----- Task data -----

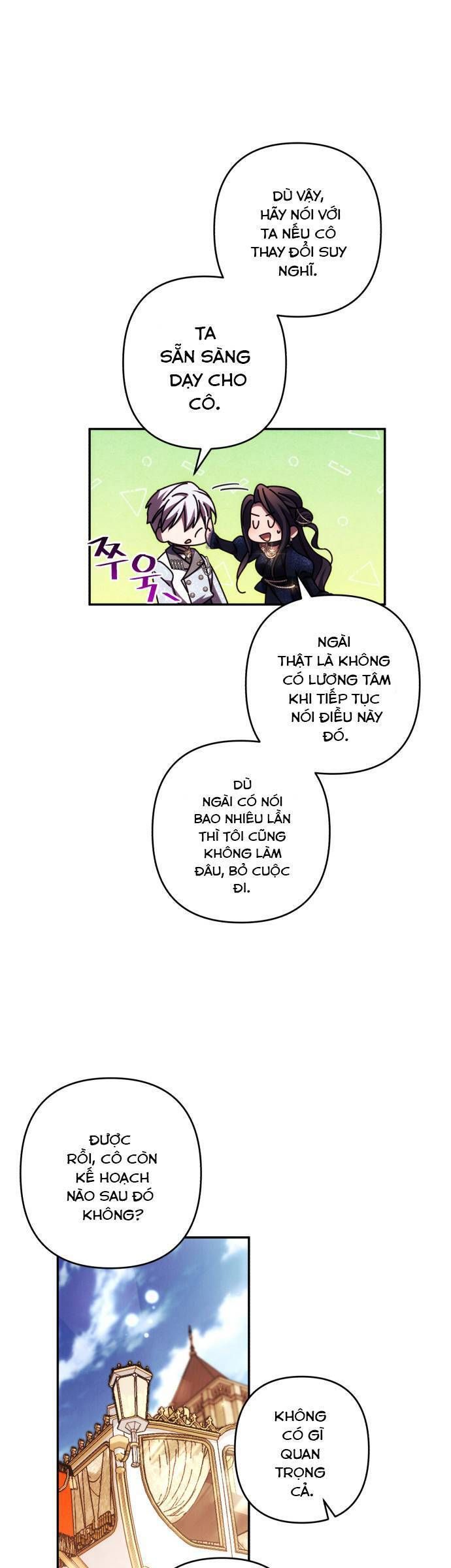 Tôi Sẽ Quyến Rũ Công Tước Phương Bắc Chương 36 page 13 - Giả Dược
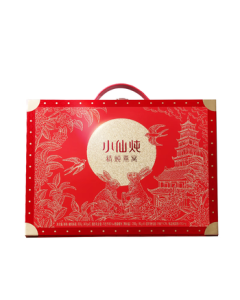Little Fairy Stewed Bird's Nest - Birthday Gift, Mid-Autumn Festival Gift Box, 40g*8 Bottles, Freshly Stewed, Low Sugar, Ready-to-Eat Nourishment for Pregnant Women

-----
----- Task data -----

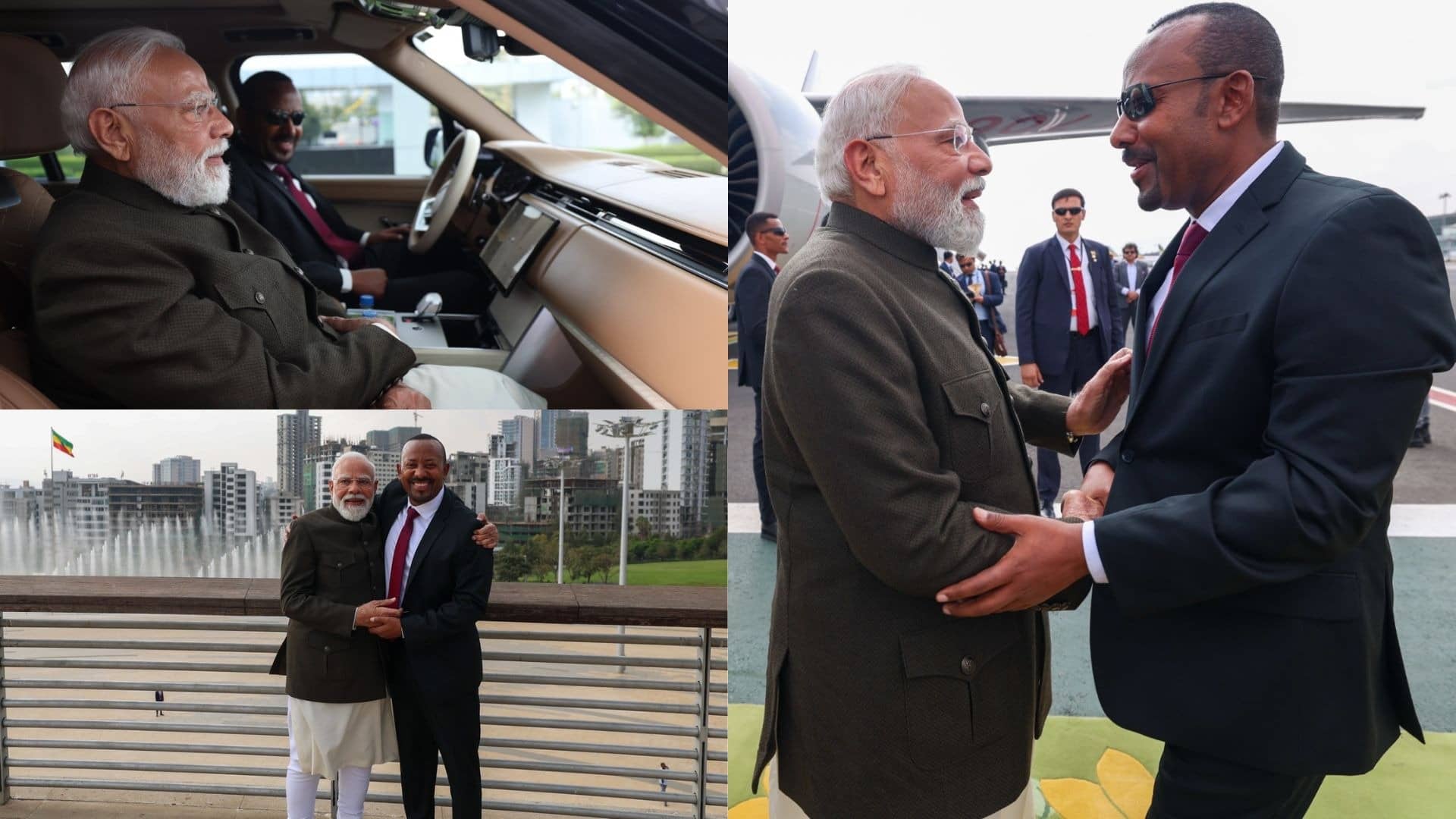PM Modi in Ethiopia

-----

The answer should consist only of the lines above from the one with "Tôi Sẽ Quyến" through the one with "Little Fairy Stewed", repeated exactly, with no pictures among them.

**Task solution:**
 Tôi Sẽ Quyến Rũ Công Tước Phương Bắc Chương 36 page 13 - Giả Dược
Little Fairy Stewed Bird's Nest - Birthday Gift, Mid-Autumn Festival Gift Box, 40g*8 Bottles, Freshly Stewed, Low Sugar, Ready-to-Eat Nourishment for Pregnant Women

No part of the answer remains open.